Recent advances in digital media storage devices and the sophistication of media compression formats have led to widespread use of large media content libraries in portable or mobile form. More and more, consumers are accessing hundreds or even thousands of music and video files on small devices and portable players. Due to size constraints, these devices tend to have limited display areas and limited user input means such as keys or buttons. This has created a problem of accessibility when a user attempts to single out a specific file for playback.
Portable media playback devices have addressed this problem by displaying a hierarchical organization of metadata, i.e. the descriptive names and titles contained within digital media files. The Apple iPod and similar devices display lists of this metadata and allow the user to scroll up and down these lists in search of a desired item. However, it becomes tedious and time consuming for the user to visually search the list for the desired name or title as it scrolls. Lacking a direct means of selection, the user experiences increasing difficulty as the size of the library grows.

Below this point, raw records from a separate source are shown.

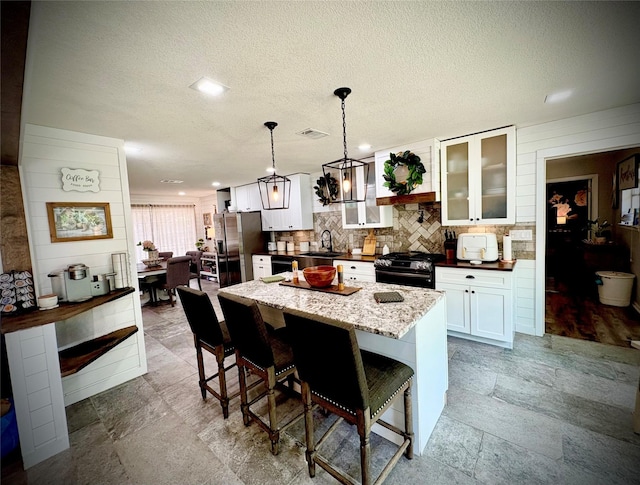 4124 Maryview Ct, Haltom City, TX 76117 - kitchen featuring black range with gas stovetop, stainless steel fridge, a kitchen island, a breakfast bar, and white cabinetry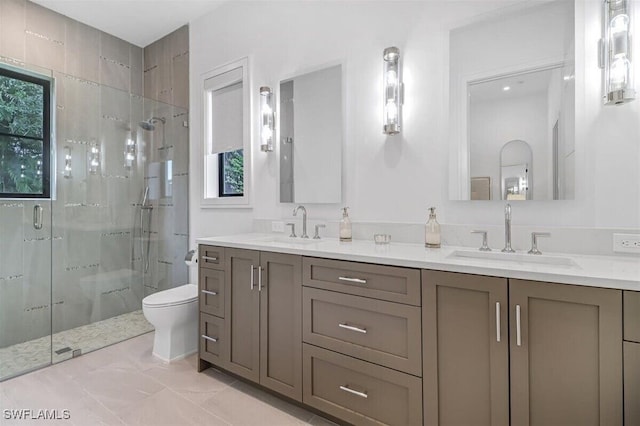 bathroom featuring a shower with door, vanity, and toilet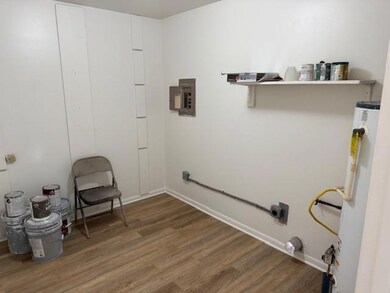 Laundry area featuring electric panel, baseboards,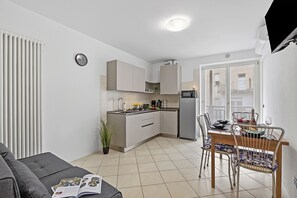 A modern kitchen with a dining area, a sofa, and a potted plant. - Casa Vergolano, Arco, Italy (Arco)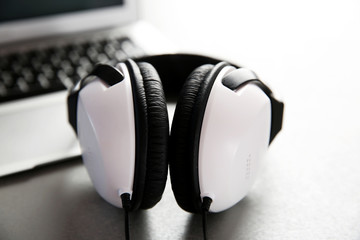 Obraz na płótnie Canvas Headphones and laptop on table closeup
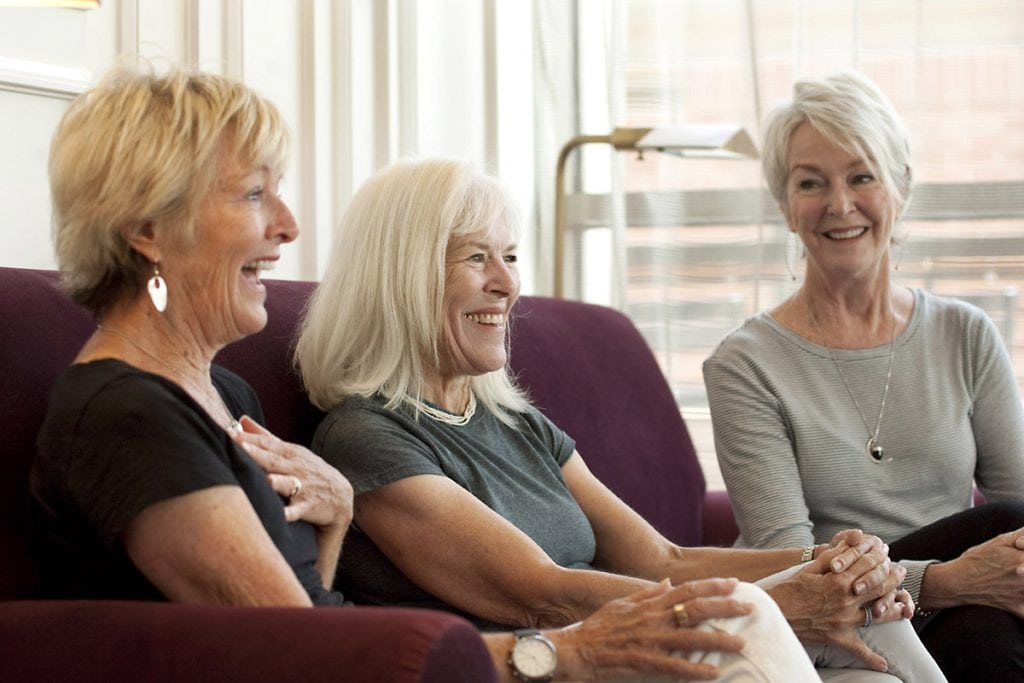 three sisters sitting on the couch laughing.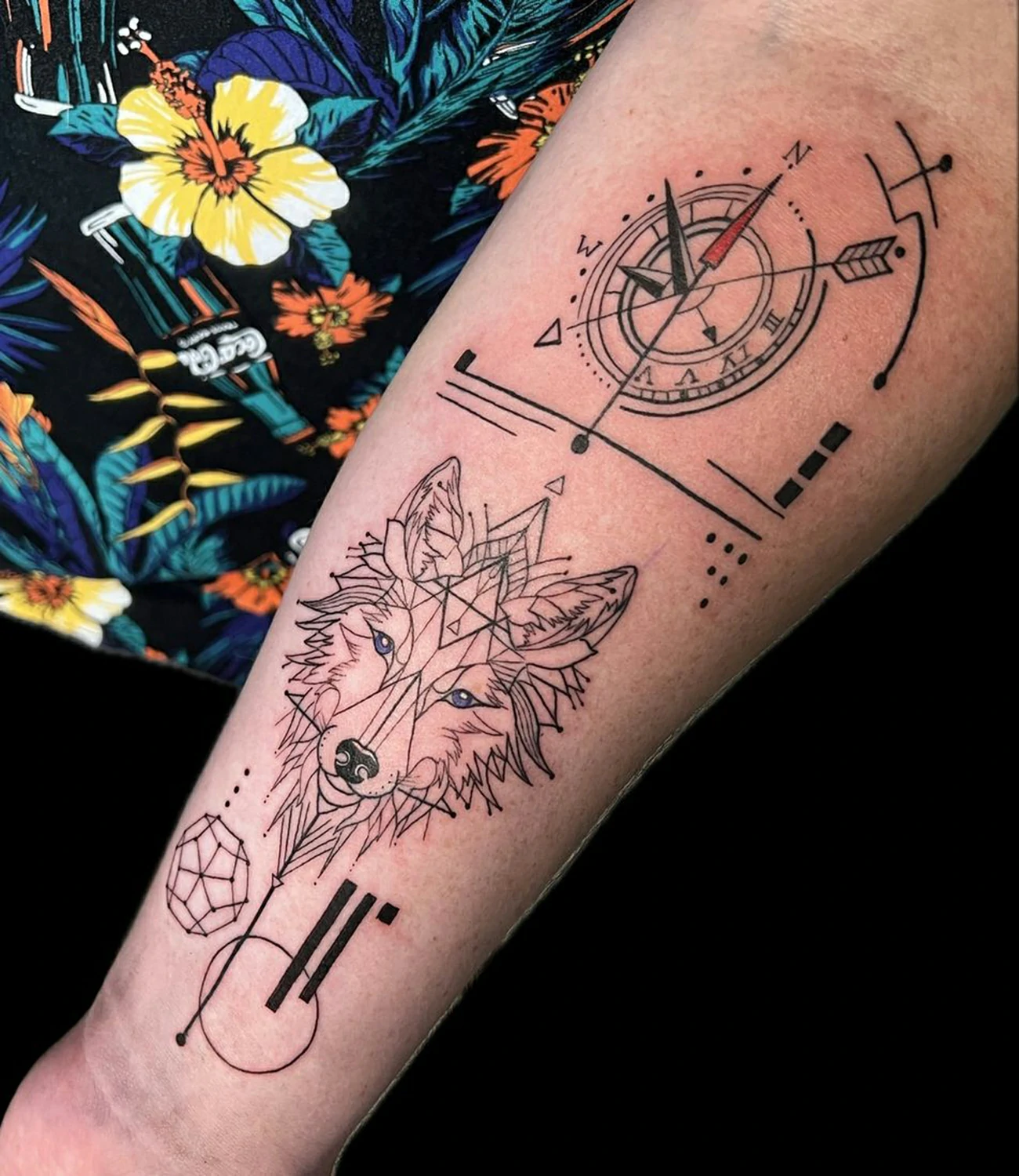 Geometric Wolf Tattoo: Geometric wolf tattoos combine the powerful imagery of a wolf with precise geometric shapes, symbolizing loyalty and strength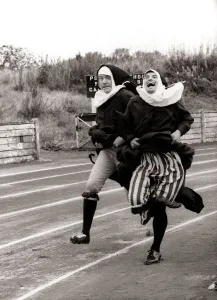 Kevin Moran and David Cannon dressed as Nuns hold on to their skirts in the 100m dash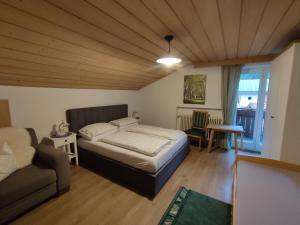 1 dormitorio con 1 cama grande y 1 sofá en Garni Hattlerhof B&B, en Brunico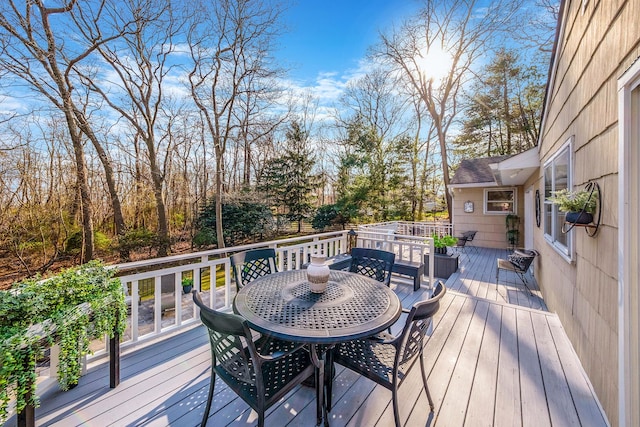 wooden deck featuring outdoor dining area
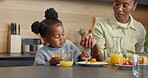 Pancake, breakfast and relax with black child in home for health, connection and weekend break. Brunch, wellness and nutrition with family eating in dining room of house for food, bonding and syrup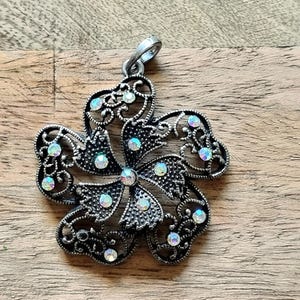 Vintage Rhinestone Pendant | Ornate Black Metal Flower Charm| Statement Jewelry | Antique Style Accessory | Gift for Her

Another problem with interfaces that display lists of metadata for selection is evident in that the user generally expects the lists to be presented in alphabetical order. Digital media interfaces typically satisfy this expectation by sorting lists alphabetically. However, this type of sorting precludes sorting by other fields such as relevance, popularity, or user preference, all of which improve the speed and ease with which the user can access desired content. This advanced sorting is very important when used with large content libraries, because it increases the probability that desired content will be displayed.
Wireless technology will soon enable the use of global media libraries containing millions of media files tracks or more for portable or mobile devices. With this large supply of content, list-based selection interfaces will become extremely difficult to navigate because the lists will be too long for the user to scroll through or comfortably parse.
The invention is directed to methods, and apparatus and systems that employ such methods, for searching for or selecting from specific data files comprising metadata using ambiguous input sequence matching. As used herein, the term “ambiguous input” means the generation of at least one unique input signal through a single user operation that represents a plurality of values where the plurality of values comprise an intended value. This ambiguous input is resolved through evaluation of additional input signals, each representing the same plurality of values or additional pluralities of values. One presently available embodiment employing ambiguous input and resolution is the T9 predictive text input scheme. Here, each of a plurality of input means such as telephone keys have multiple values such as letters or numeric symbols; the value of each such key is ambiguous since each key can represent any one of the multiple values associated with that key. However, when provided with a set of rules identifying permissible combinations of values, such as grammar rules, and as more key strokes are logged, the domain of permissible value combinations decreases until the least number of valid value combinations are reached. Moreover, at any point during the entry and logging process, a list of permissible value combinations based only on the received input signals may be presented, and/or a list of all possible permissible value combinations may be presented (this aspect is referred to herein as “predictive value generation” since the operation has not received all input signals but presents a list of available permissible value combinations beyond the possible permissible value combinations based only upon received input signals).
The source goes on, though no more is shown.